Abah Kita (Bag. 4): Bandongan dan Sorogan

Ini tentang Shonhaji yang berbeda. Ia hidup sekitar 1 abad lebih dulu dari murid Sunan Ampel yang kebetulan bernama sama. Nama lengkapnya Abu Abdillah Sidi Muhammad bin Daud Ash Shonhaji. Syekh Shonhaji.

Hari itu Syekh Shonhaji mulai bimbang. Hari yang selama ini dinanti justru membuatnya ragu. Padahal hari itu ia akhirnya bisa menyelesaikan salah satu kitab, yang menurutnya akan membantu banyak orang yang ingin mempelajari ilmu nahwu (gramatika bahasa Arab).

Persoalannya bukan pada isi kitabnya, tetapi pada isi hatinya.
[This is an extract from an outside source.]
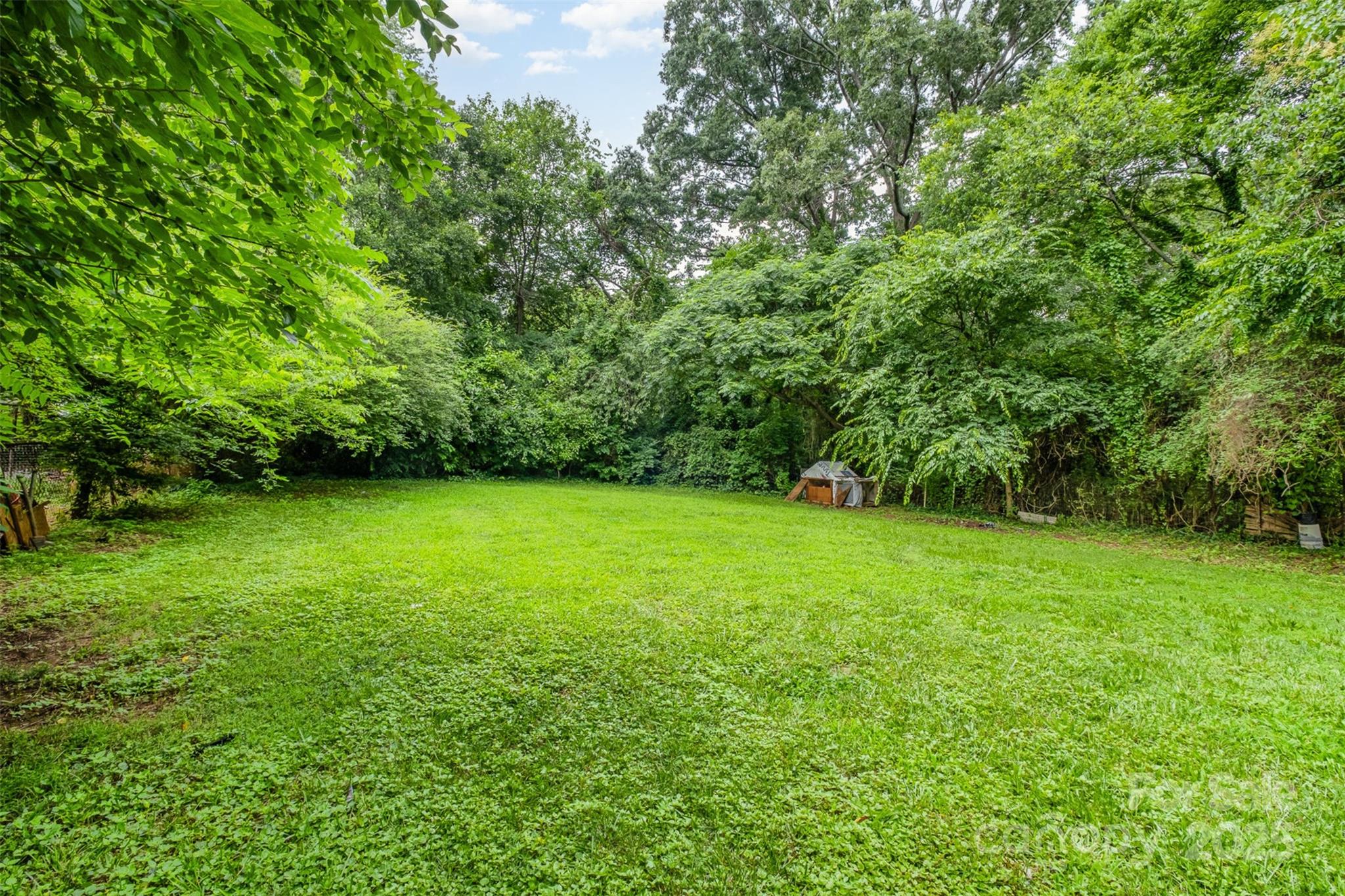 2312 Tate Street Property Photo 31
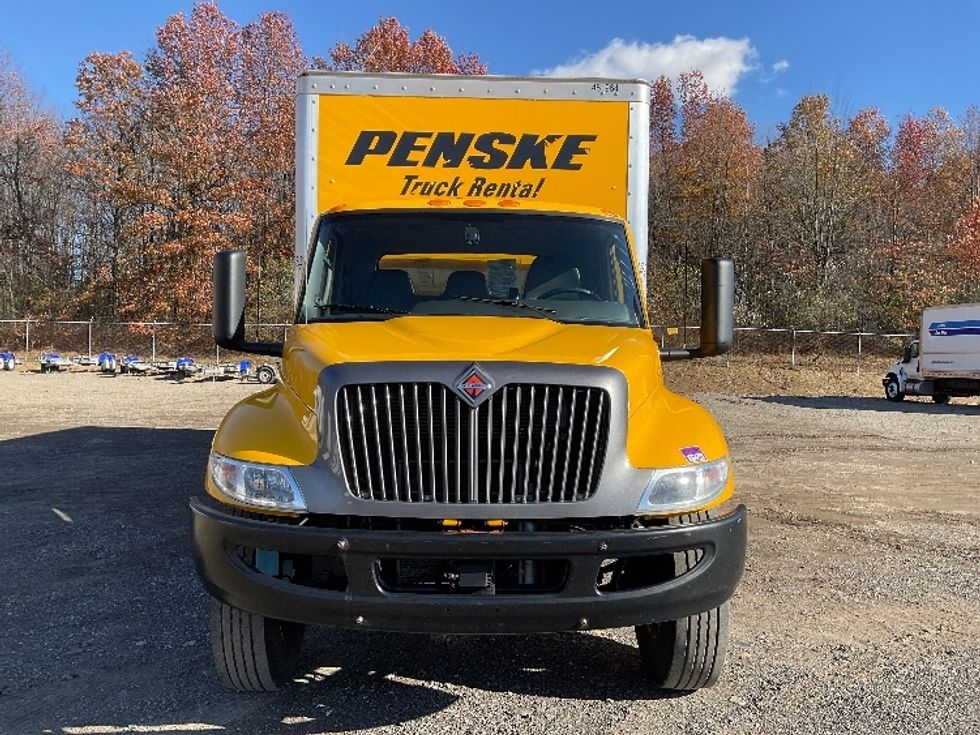 Medium Duty Box Truck-Light and Medium Duty Trucks-International-2022-MV607-Akron-OH-222,123\n\t\tmiles-$ 48,750 - Image 2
Ia mulai meragukan apakah benar tujuan ia menulis kitab itu karena mengharap ridha Allah, atau berharap lain.

Ia lalu memutuskan untuk membuang kebimbangan dengan cara membuang kitab itu. Menuju pantai, ia melempar kitab itu dan berserah, “Ya Allah. Jika kitab ini murni karena-Mu. Maka kembalikan ia padaku”.

Sekembalinya ke rumah, Syekh yang juga dikenal sebagai Ibnu Ajurrum ini kaget. Kitab itu sudah kembali ke meja kerjanya. Tidak basah sedikit pun.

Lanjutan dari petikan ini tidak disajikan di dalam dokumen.